Alfonso Unda
- Country (sports): Mexico

Singles

Grand Slam singles results
- US Open: 1R (1928)

Medal record
Central American and Caribbean Games
| Gold medal – first place | 1926 Mexico City | Men's singles |
| Gold medal – first place | 1926 Mexico City | Men's doubles |
| Gold medal – first place | 1930 Havana | Men's doubles |
| Gold medal – first place | 1935 San Salvador | Men's doubles |
| Gold medal – first place | 1935 San Salvador | Mixed doubles |

= Alfonso Unda =

Mexican tennis player

Alfonso Unda was a Mexican tennis player.
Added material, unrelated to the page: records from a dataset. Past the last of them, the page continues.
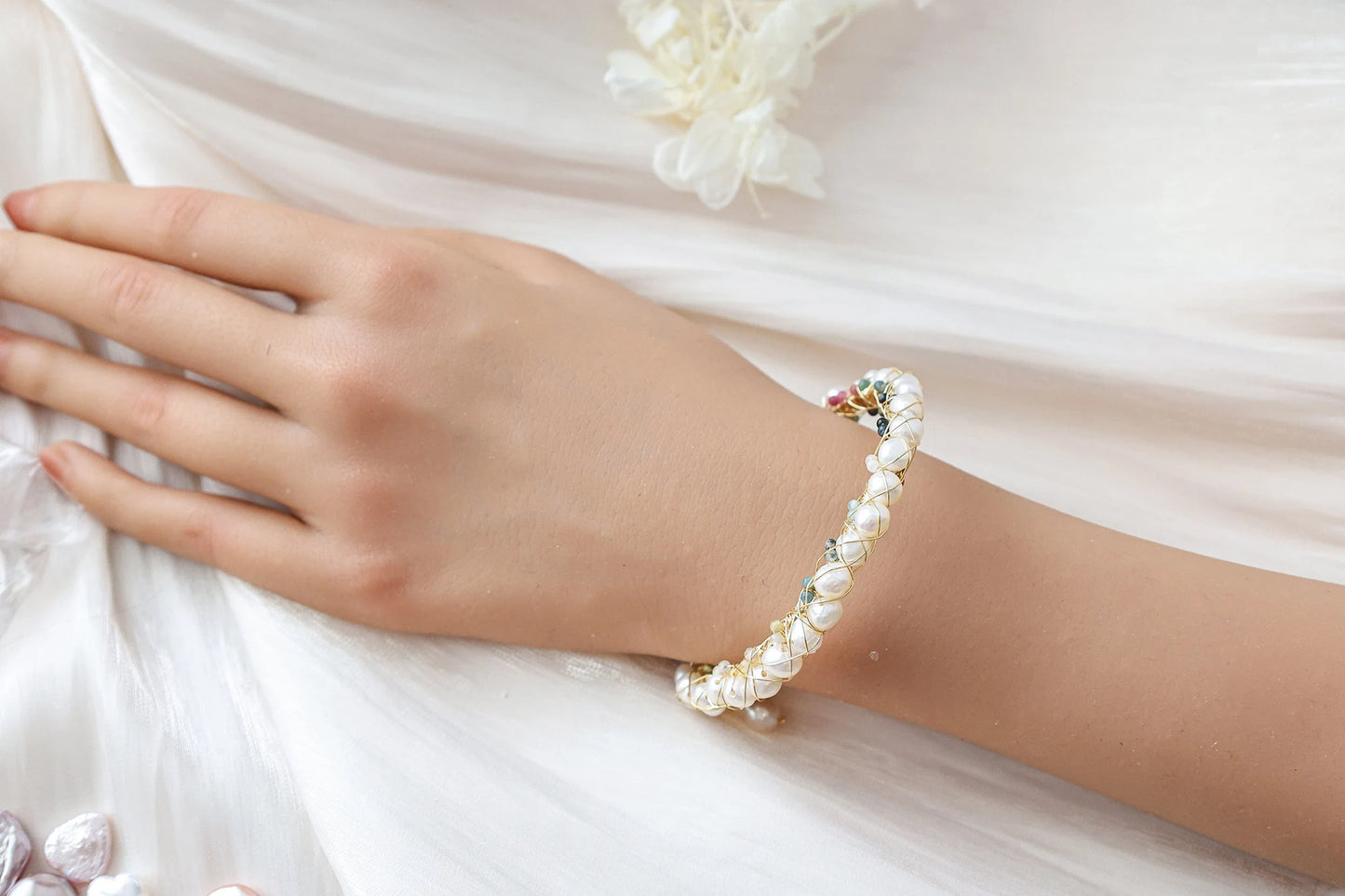 Tourmaline crushed stone pearl cuff bracelet, Freshwater pearl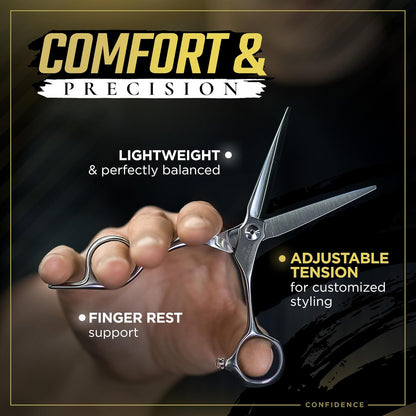 Fagaci Professional Hair Cutting Scissors 5” Japanese Steel for Ultra-Precise Cuts, Razor Sharp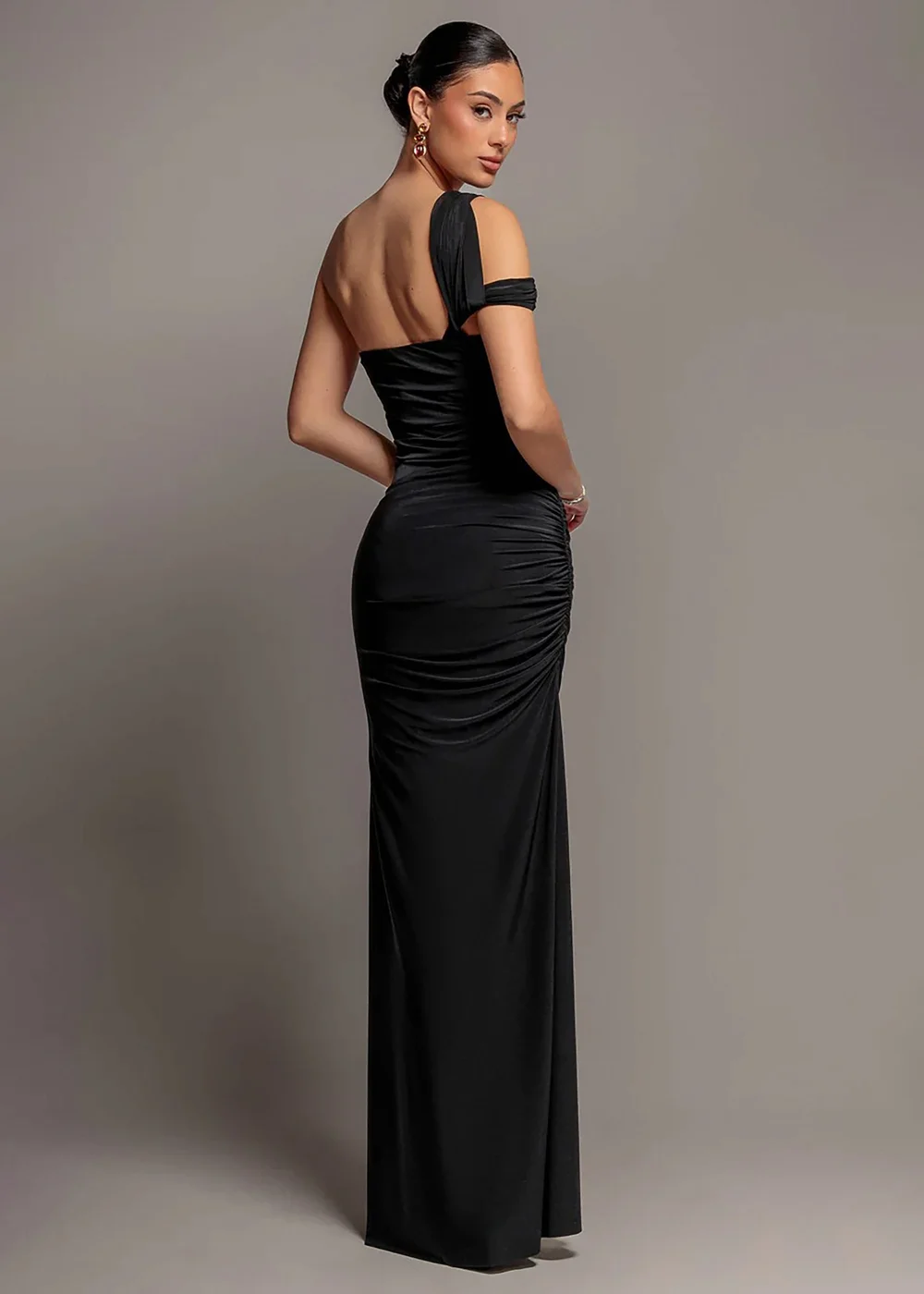 Goddiva Black One Shoulder Asymmetric Twist Maxi Dress - 8 Image 2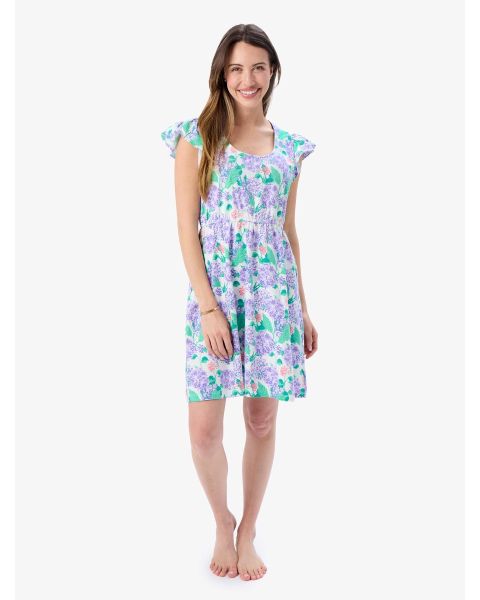 Purple Hydrangea Garden Women's Knit Shift Dress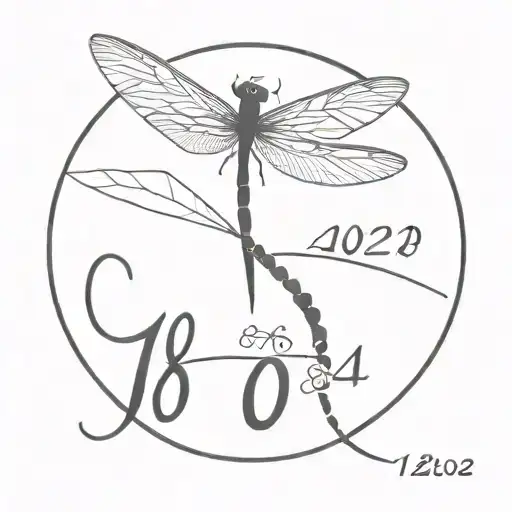 Black And White Dragon Fly Pointing Left With The Date 11 01 2024 Underneath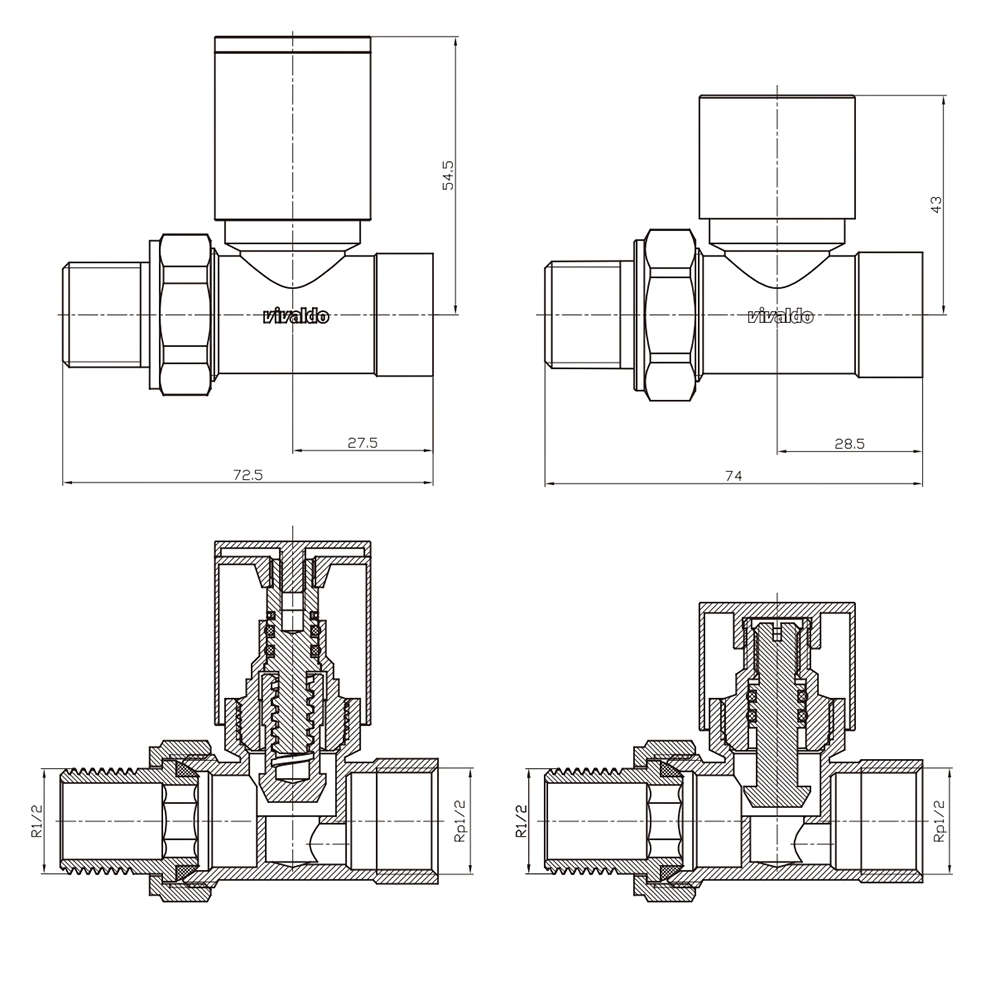 Комплект вентилей для подключения радиатора 1/2" прямой антрацит VIVALDO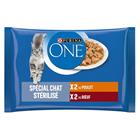 4x 85g PURINA ONE Sterilcat kana- ja naudanliha märkäruokaa kissoille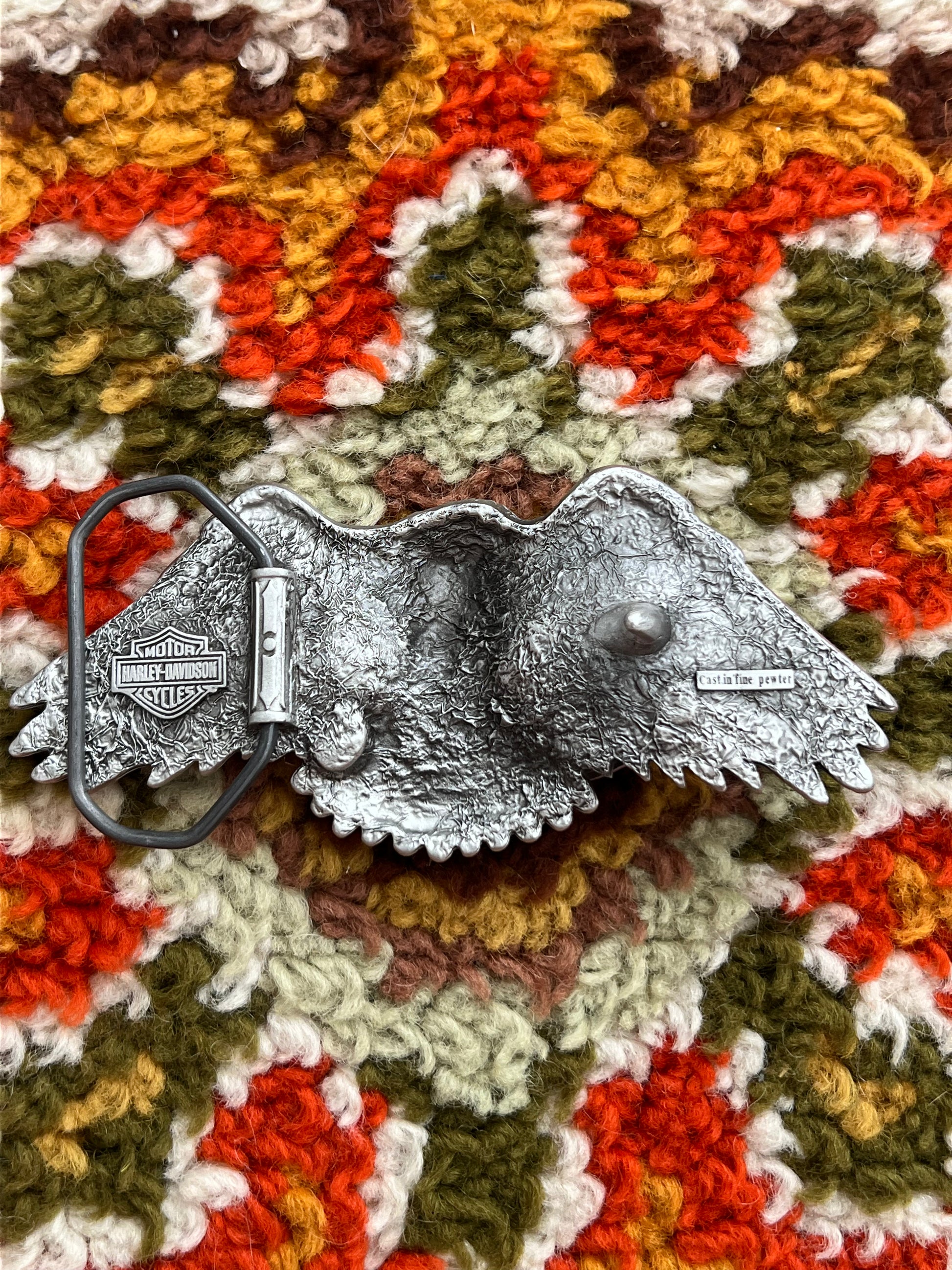 '90s Harley-Davdison Vintage Pewter "American Legend" Eagle Buckle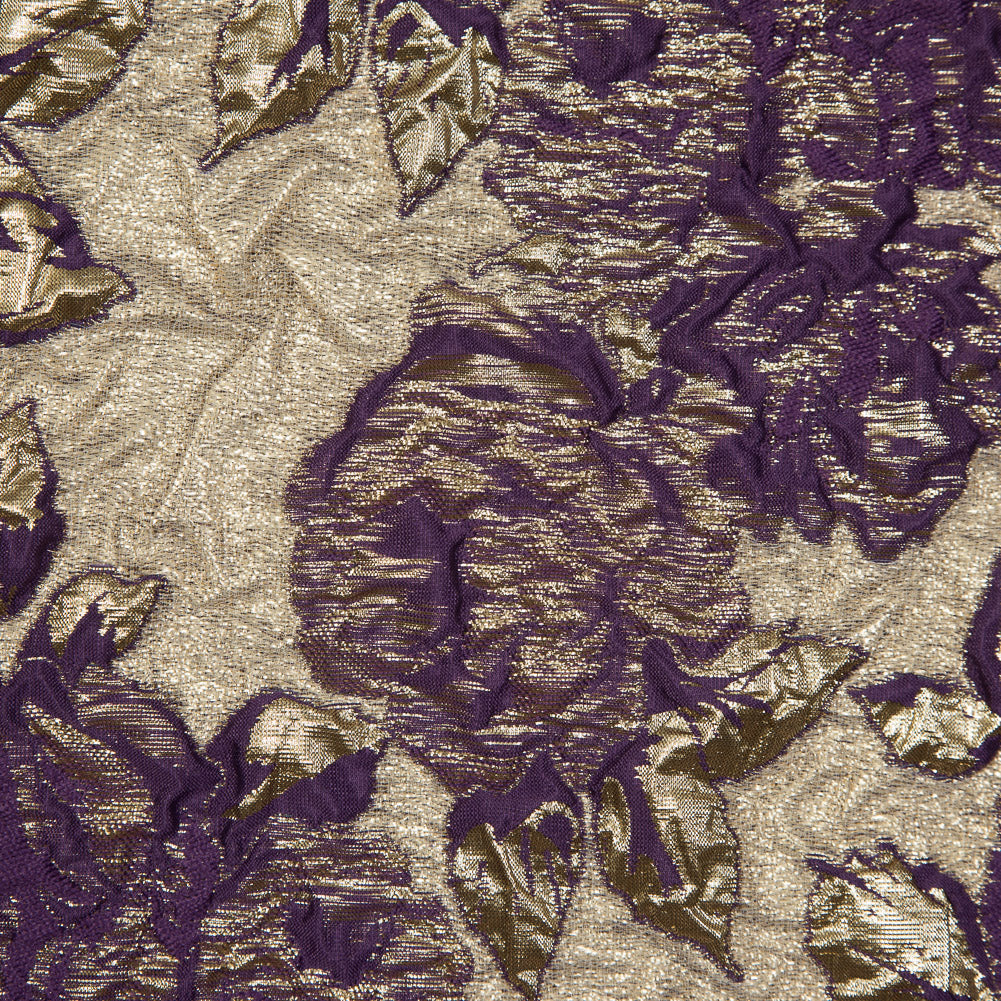Regal Purple Luxury Floral Metallic Brocade Detail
A five-time gold medalist for Mexico at the Central American and Caribbean Games, Unda's tally includes a singles gold at the 1926 Mexico City games, beating Mariano Lozano in the final.

Unda competed for the Mexico Davis Cup team from 1926 to 1937, for a total of 11 ties. He won two rubbers during his career, both in doubles against Cuba. Many of his ties were against the United States and it was rare in this era for Mexico to even win a set against the Americans, which Unda managed to do in two 1928 rubbers, against Bill Tilden/Arthur Jones in doubles and Wilmer Allison in singles.